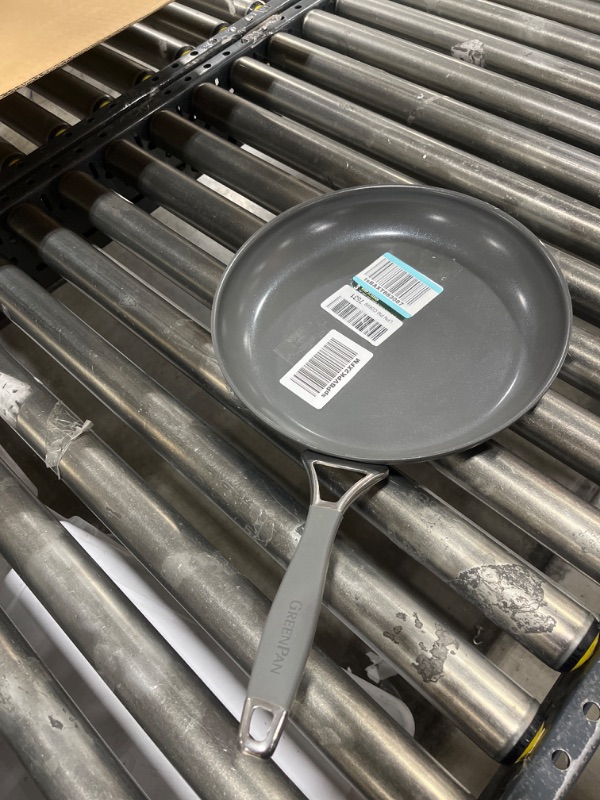 Photo 1 of 12" SKILLET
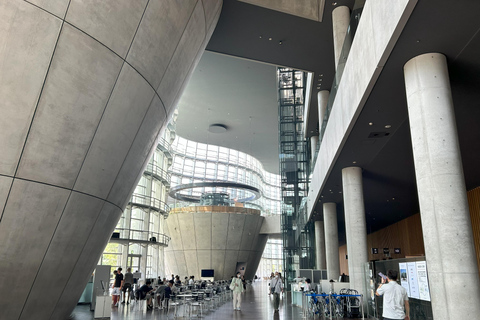 Tokyo: TeamLab Borderless & Roppongi Art Architecture Tour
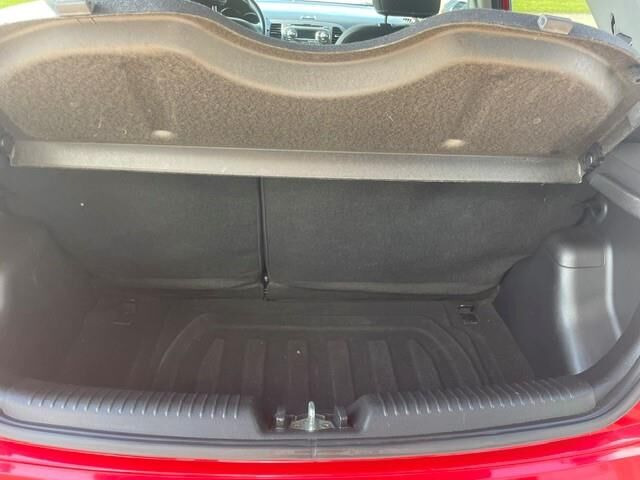 Rød Kia Picanto fra 2014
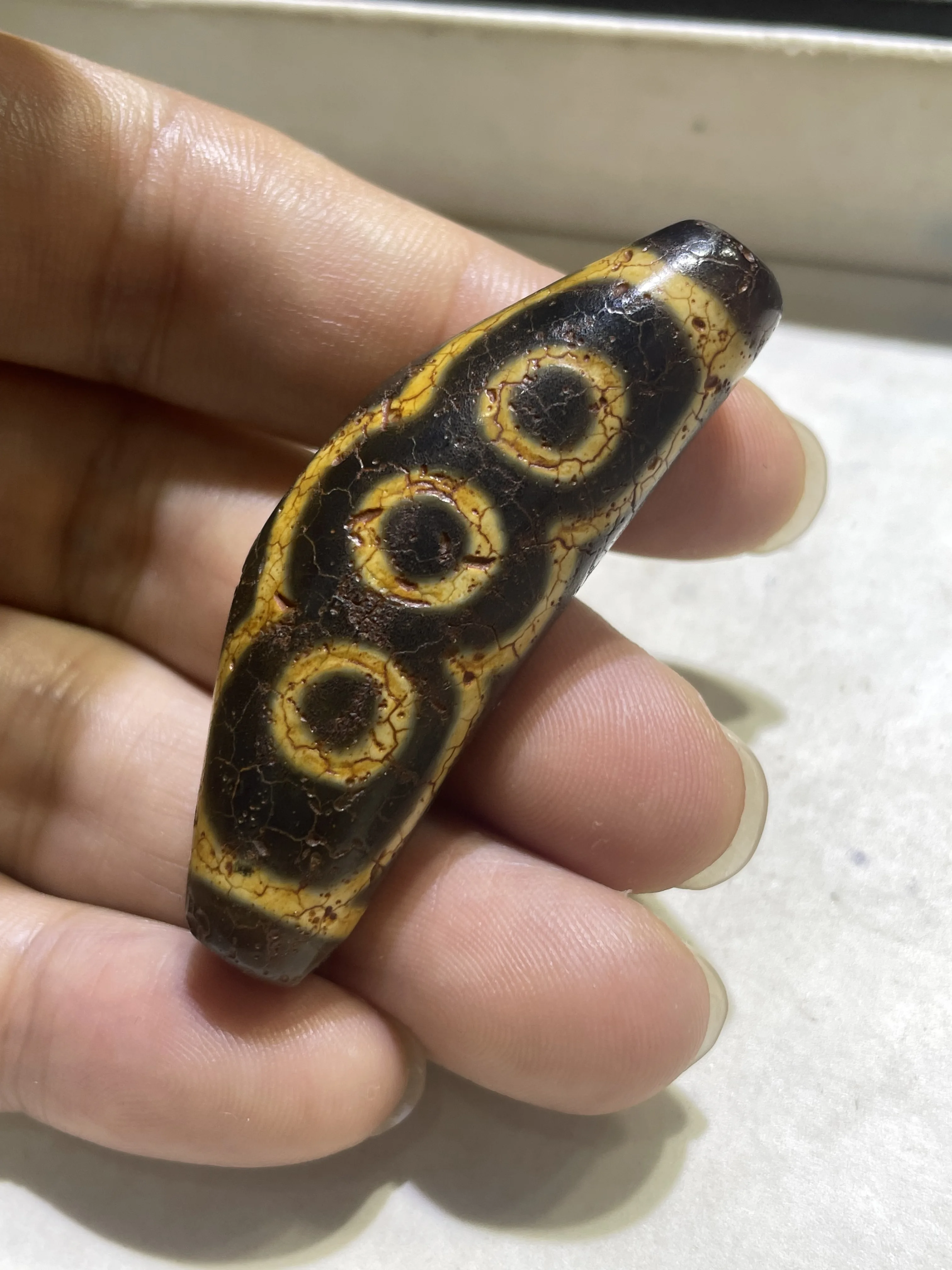 

No.210126N114 Energy Tibetan Old Agate Ivory Color Fold Line 6 EYed Healthy Symbol Horn SH dZi Bead Pendant Amulet Good Saurces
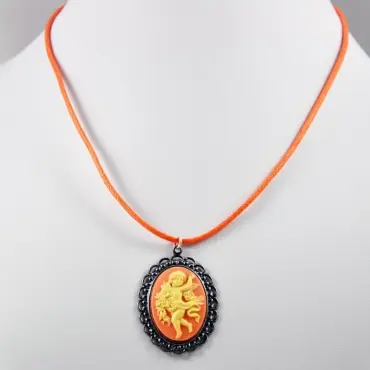 Collier camée rose sur un buste blanc, cordon orange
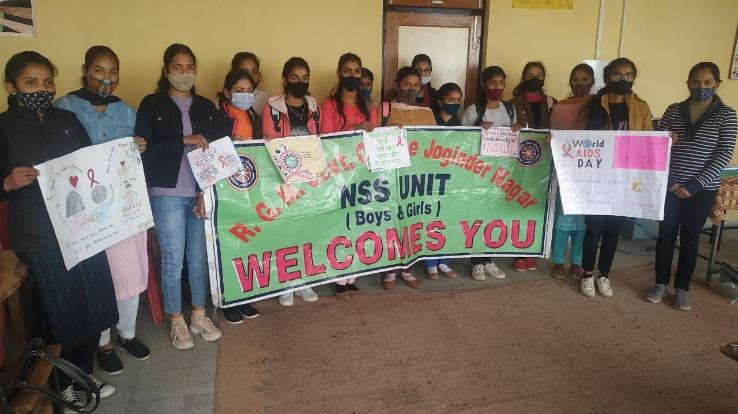 Program organized on the occasion of World AIDS Day in Government College Jogindernagar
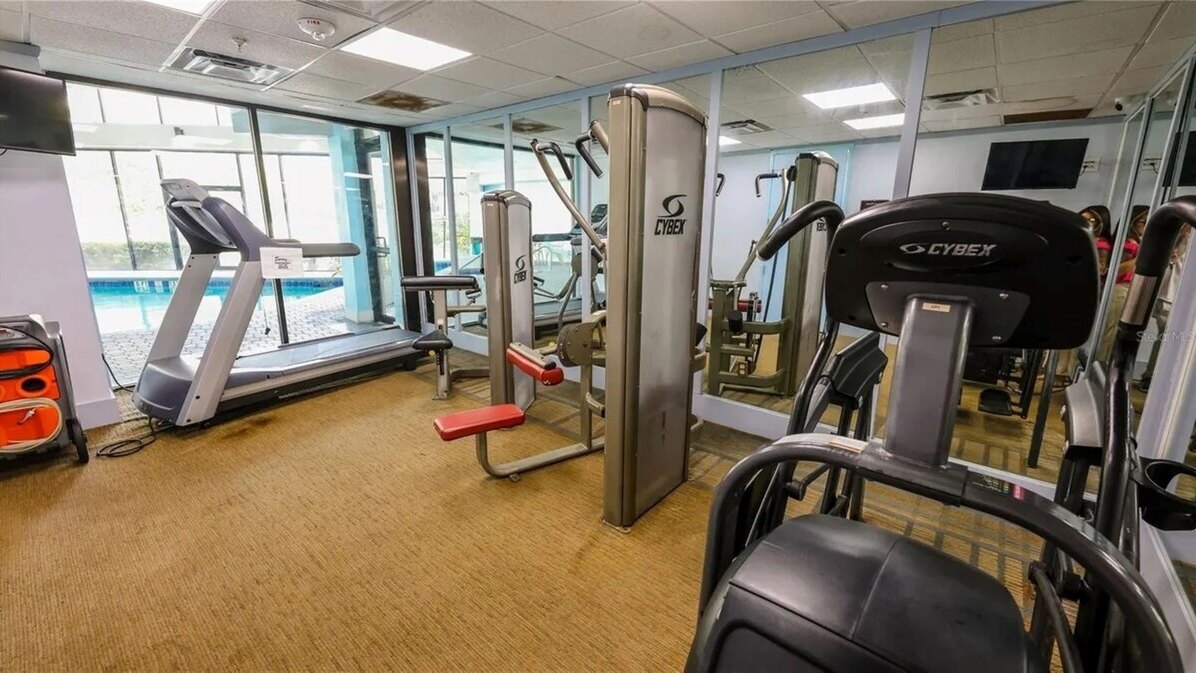 2301 Enclave Skyline condo Near Universal - Image 17
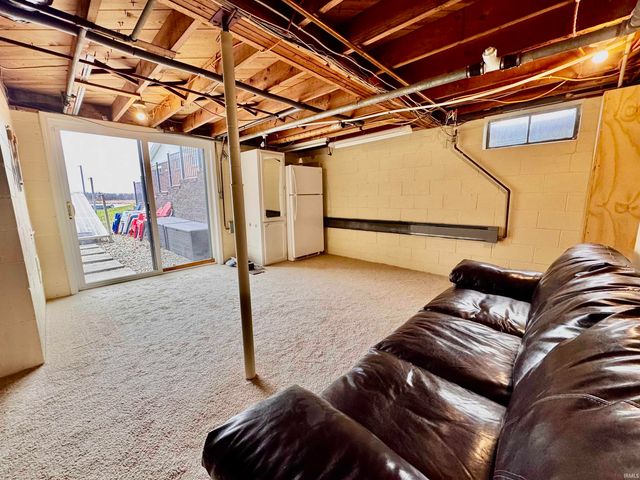 2922 S Country Club Dr S, Rochester, IN 46975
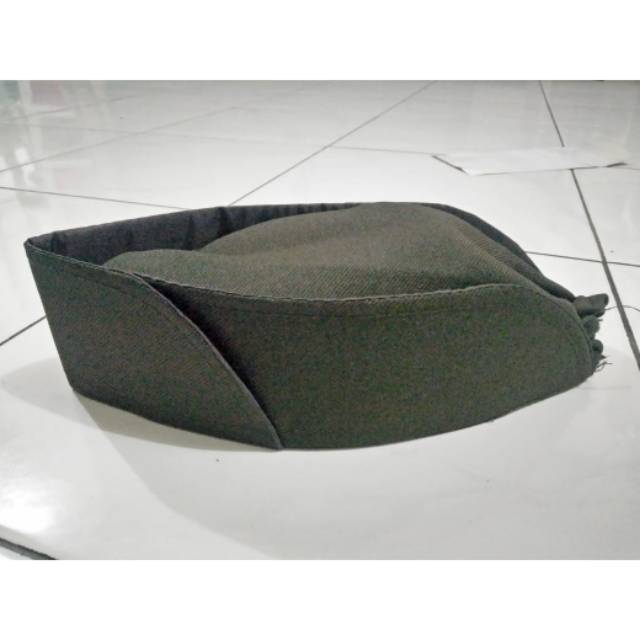 Topi pembina pramuka putri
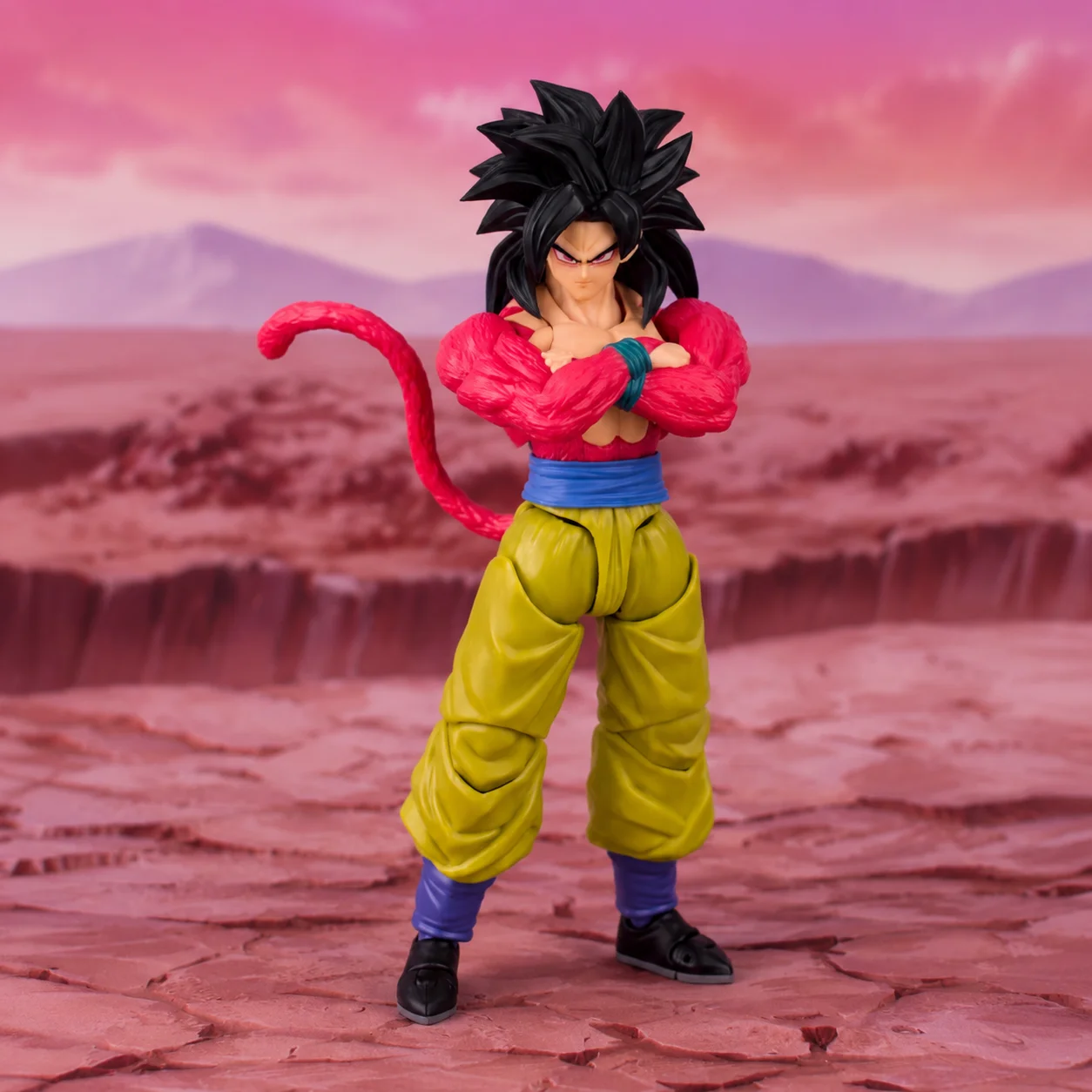 Figura articulada Goku Super Saiyan 4 de Dragon Ball GT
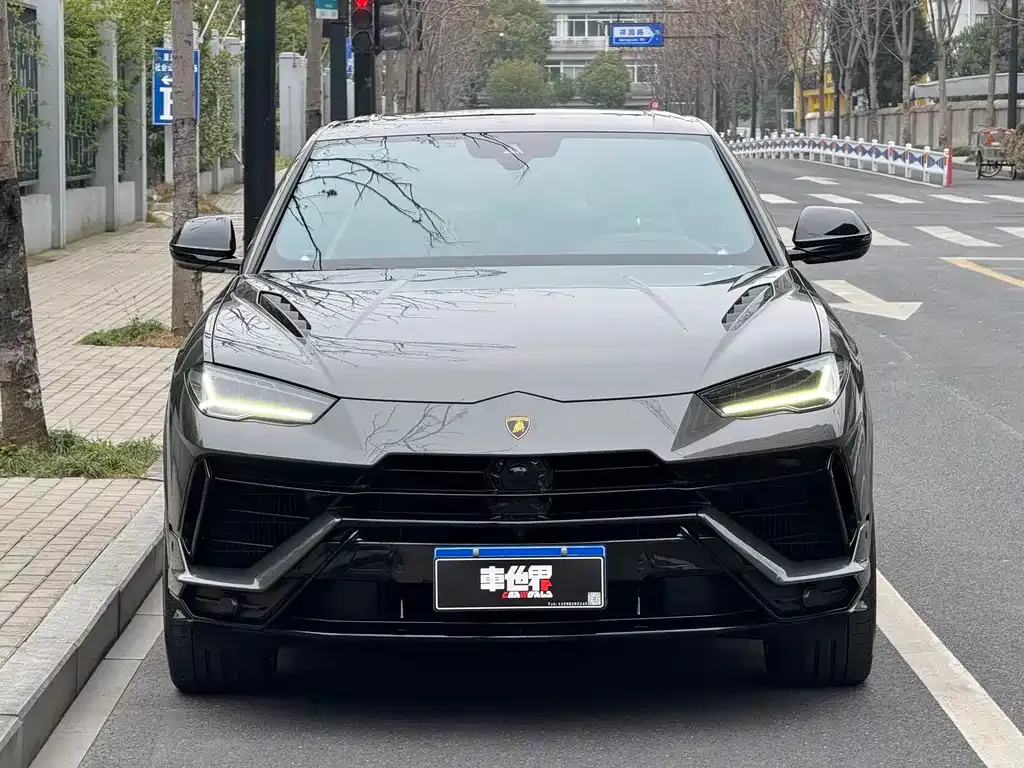 Lamborghini Urus — фото 3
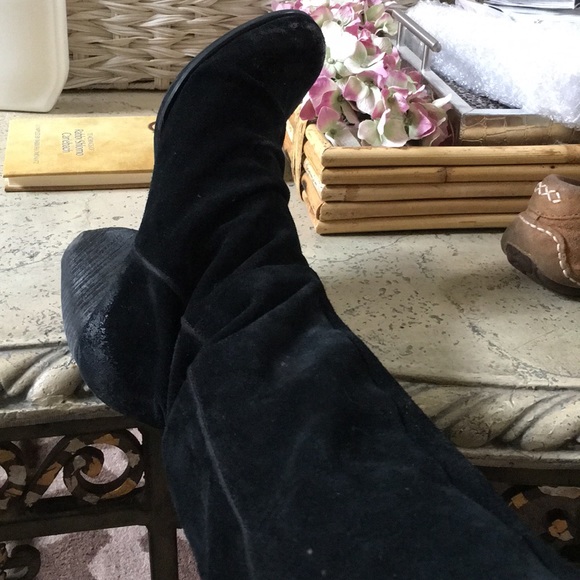 Gunmetal black suede boots - Picture 3 of 11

WHAT IS BEING ASKED -> Transcribe exactly, and without any pictures, each line from the one that holds "Collier camée rose" through the final line of the material above.

OUTPUT OF THE TASK ->
 Collier camée rose sur un buste blanc, cordon orange
 Program organized on the occasion of World AIDS Day in Government College Jogindernagar
 2301 Enclave Skyline condo Near Universal - Image 17
 2922 S Country Club Dr S, Rochester, IN 46975
 Topi pembina pramuka putri
 Figura articulada Goku Super Saiyan 4 de Dragon Ball GT
 Lamborghini Urus — фото 3
 Gunmetal black suede boots - Picture 3 of 11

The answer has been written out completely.